Since the second quarter, we continued to progress on our strategic plan:
• During the third quarter, we sold a non-strategic hotel for gross
proceeds of $25.5 million. In addition, we sold two additional
non-strategic hotels for gross proceeds of $70 million in October 2012
and one non-strategic hotel (with hard-money deposit received in
October) for gross proceeds of $8.7 million in November 2012.
• We used proceeds from asset sales to pay the remaining accrued
preferred dividends ($37.7 million) in October 2012.
• We obtained $160.8 million in proceeds from five single-asset ten-year
mortgage loans that closed in September 2012. Proceeds from the new
loans were used to repay $107 million on a 9.02% mortgage loan that
would otherwise mature in 2014. We also used those proceeds (plus
asset sale proceeds) to repay the remaining $60.3 million balance of
another mortgage loan. The average interest rate on the new loans
(4.95%) is more than 400 basis points lower than the repaid 9.02%
loan, and we were able to unencumber seven hotels.
|
In the third quarter, RevPAR increased 6.2%, which exceeded the industry average
of 5.1%. ADR increased 6.9%, offset by a slight decline in occupancy of 50 basis
points. RevPar at the core 45 hotels increased 6.6%, compared to 4.7% for the 21
non-strategic hotels. Hotel EBITDA margins increased 58 basis points to 25.2%
for the quarter.
Results of Operations
Comparison of the Three Months ended September 30, 2012 and 2011
For the three months ended September 30, 2012, we recorded a $19.6 million net
loss compared to a $23.4 million net loss for the same period in 2011. Our 2012
net loss included $11.8 million in debt extinguishment charges (of which
$126,000 are included in discontinued operations) and $1.1 million of
hurricane-related charges (of which $228,000 are included in discontinued
operations). The 2012 charges are partially offset by a $9.9 million net gain
from an asset sale included in discontinued operations.
In the third quarter of 2012:
• Total revenue was $236.2 million, 5.9% more than the same period in 2011.
This increase primarily reflects a 6.2% increase in same-store RevPAR
(6.6% at our core hotels and 4.7% at our non-strategic hotels), reflecting
a 6.9% increase in ADR (partially offset by a 50 basis point decrease in
occupancy).
• Hotel departmental expenses increased $3.9 million. As a percentage of total revenue, hotel departmental expenses decreased from 36.2% to 35.8% compared to the same period in 2011. This improvement primarily reflects revenue increases being driven by ADR as opposed to occupancy.
• Other property-related costs increased $2.0 million due primarily to higher marketing costs.
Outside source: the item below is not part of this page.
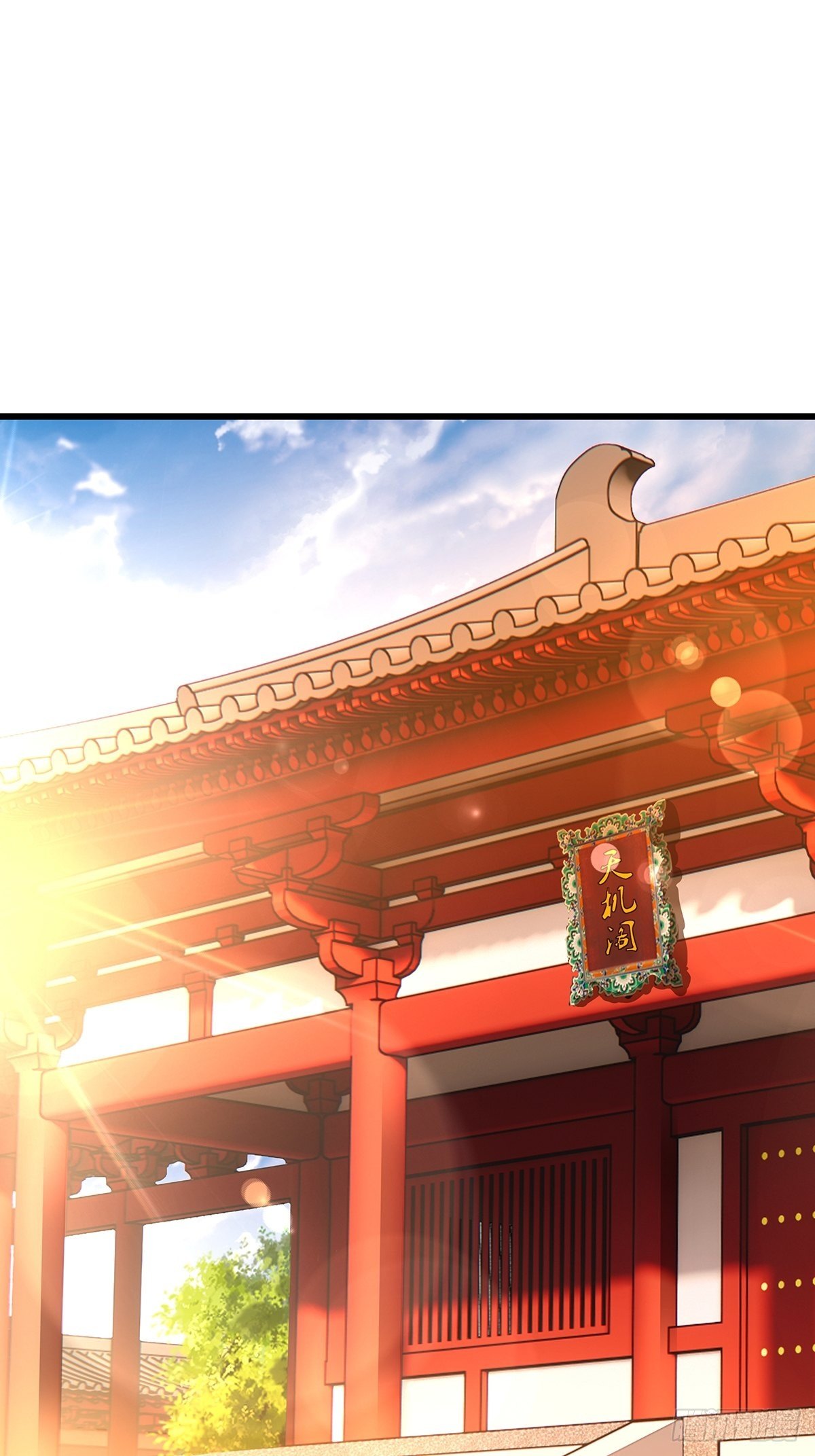 修仙世界05(1/2)-第76话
As a percentage of total revenue, other property-related costs decreased from 27.8% to 27.1% compared to the same period in 2011. This improvement primarily reflects revenue increases being driven by ADR as opposed to occupancy.
• Management and franchise fees increased $650,000 compared to the same period in 2011, primarily reflecting higher revenues (which serve as the basis for determining such fees). As a percentage of total revenue, these costs remained essentially unchanged from the same period in 2011.
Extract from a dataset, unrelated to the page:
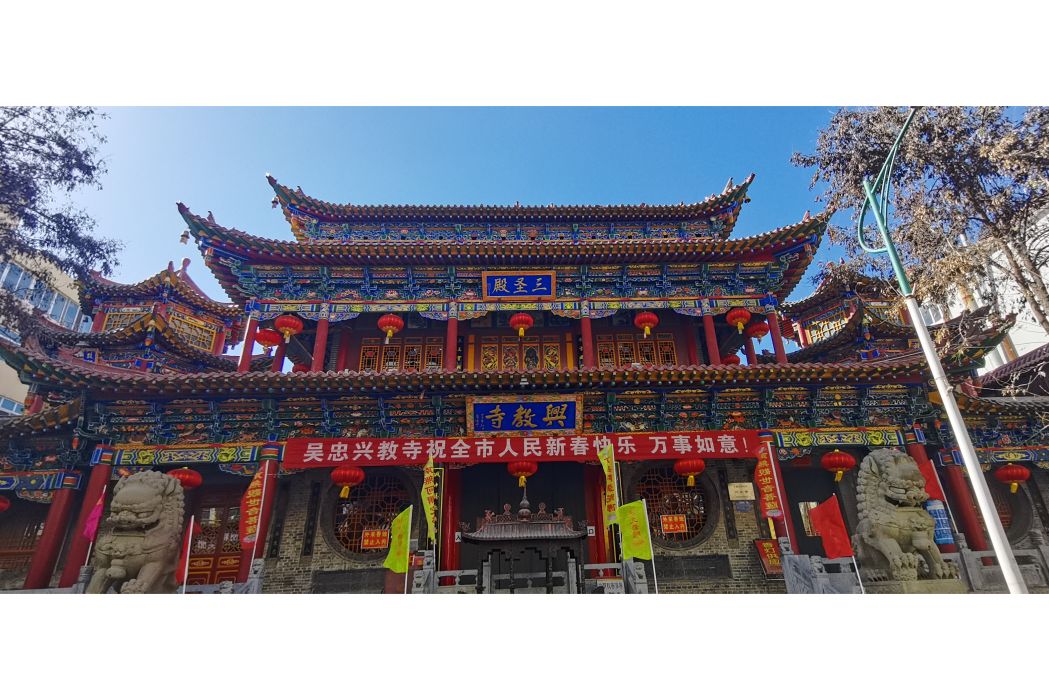 興教寺(吳忠市興教寺) 興教寺(吳忠市興教寺)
• Taxes, insurance and lease expense increased $2.3 million and as a percentage of total revenue from 10.3% to 10.7% compared to the same period in 2011. The higher percentage of revenue reflects a combination of increased percentage lease expense (computed as a percentage of hotel revenues in excess of base rent; as revenue increases, percentage rent increases at a faster rate) in 2012, as well as lower property taxes (reductions received after appeals) and lower general liability insurance (due to favorable claims experience) in 2011.
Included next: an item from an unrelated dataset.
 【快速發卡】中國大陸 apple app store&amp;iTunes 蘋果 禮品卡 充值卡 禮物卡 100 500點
• Corporate expenses decreased $563,000 (as a percentage of total revenue decreasing from 2.8% to 2.4%), which primarily reflects lower restricted stock amortization in 2012, as a significant amount of restricted stock vested in 2011.
• Depreciation and amortization expense increased $1.9 million, compared to the same period in 2011, which is primarily attributable to hotel capital expenditures of $89.0 million in 2011 and $100.0 million in 2012.
• Other expenses increased $955,000 compared to the same period in 2011. This increase primarily reflects $851,000 in hurricane-related charges at three of our hotels affected by Hurricane Isaac.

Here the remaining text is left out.